Melihat punggung kedua anak itu sudah hilang ditelan jarak, baru lah Sam memudarkan senyumnya. Pun dengan Katreena yang kini berdiri di sebelahnya.
"Gimana soal perkembangan Maya? Apa kata dokter?" tanyanya kepada Katreena. Wanita itu lantas menggeleng seraya menghela napas. "Aku gak yakin kalau Maya bisa sembuh. Kata Dokter Vreya, kemungkinan Maya akan sembuh total dari kelainannya itu cuma sepuluh persen."
Sam terdiam cukup lama, lalu ketika ia tersadar, dia menepuk pundak Katreena, seakan tengah memberi kekuatan. Katreena tersenyum, tentu bukan sebentuk senyuman asli. Tapi mau bagaimana pun, Sam hargai itu.
"Karena Xeroderma Pigmentosum itu, kebahagiaan Maya banyak yang terenggut. Masa-masa kecil yang seharusnya ia habiskan bersama teman-temannya untuk bermain di luar justru tidak ada. Dan masa-masa remajanya yang seharusnya ia berkencan atau sebagainya, juga tidak ada. Maya anak yang baik dan cantik, Sam. Salah dia apa sampai Tuhan beri dia hal semacam ini?"
Bicara soal Xeroderma Pigmentosum, adalah suatu penyakit genetika atau kelainan bawaan pada kulit yang menyebabkan penderitanya tidak dapat terkena sinar ultraviolet. Kulit penderita Xeroderma Pigmentosum bila terpapar sinar matahari akan timbul luka bakar, bercak-bercak, dapat melepuh dan muncul kerusakan pada DNA. Itu lah sebabnya kenapa Katreena sangat sedih akan penyakit yang diderita putrinya. Risiko terburuk pada penyakit itu adalah ... Maya akan mati jika terpapar sinar matahari dalam kurun waktu yang cukup lama.
"Kat, bagaimana kalau di Indonesia, Maya akan menemukan seorang teman. Seorang teman yang membuat dia nekat untuk keluar? Kamu tahu sendiri, sejak Ayahnya pergi, Maya menjadi semakin kesepian. Atau gimana ... Kalau teman yang saya maksud itu adalah Alex?" Akhirnya, tanya yang sudah lama ada di benaknya kala Katreena mengatakan bahwa ia ingin ke Indonesia dapat ia cetuskan juga. Bersamaan dengan tanyanya yang tercetus, Katreena meneteskan air matanya.

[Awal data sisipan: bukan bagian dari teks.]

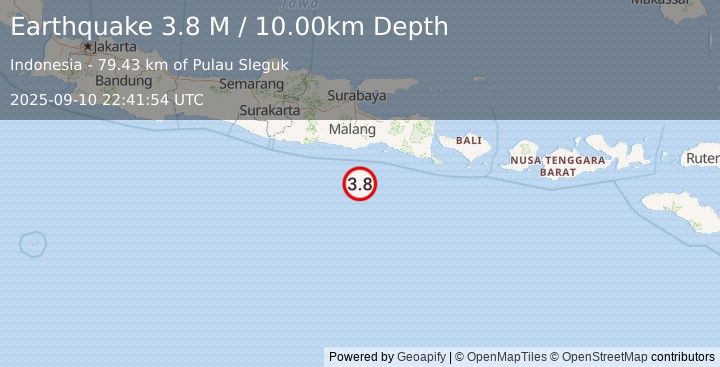 Earthquake South of Java, Indonesia (3.8 M) (2025-09-10 22:41:53 UTC)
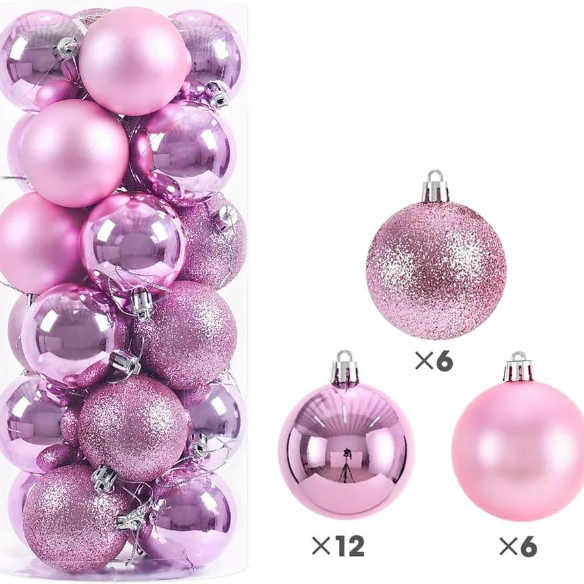 Pink Christmas Ball Ornaments – 24-Piece Set, Shatterproof Holiday Decorations (Available in 3 cm, 4 cm, and 6 cm)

Susah payah, Katreena menahan air itu, namun ia tidak mampu karena membayangkan kalau seandainya yang dikatakan oleh Sam adalah benar.
Bersambung...
Mohon maaf, jangan ngarep hal yang manis-manis ya di cerita ini, karena itu gak ada. Yang ada cuma kepaitan dan kesakitan, hwhw. Eh tapi engga ko, ga gelap-gelap banget ceritanya, bener deh🙂Jangan lupa tinggalkan jejak setelah membacanya ya! Luv you❤️
KAMU SEDANG MEMBACA
Sekantung Euforia
RomanceElang percaya, bahwa hidupnya belum sepenuhnya hancur selama Maya ada di sisinya. Elang selalu yakin, dunianya tetap tak apa asal Maya ada di sana, menemaninya. Tetapi pada suatu masa, Elang merasa bahwa dirinya sudah tak terselamatkan lagi. Dia han...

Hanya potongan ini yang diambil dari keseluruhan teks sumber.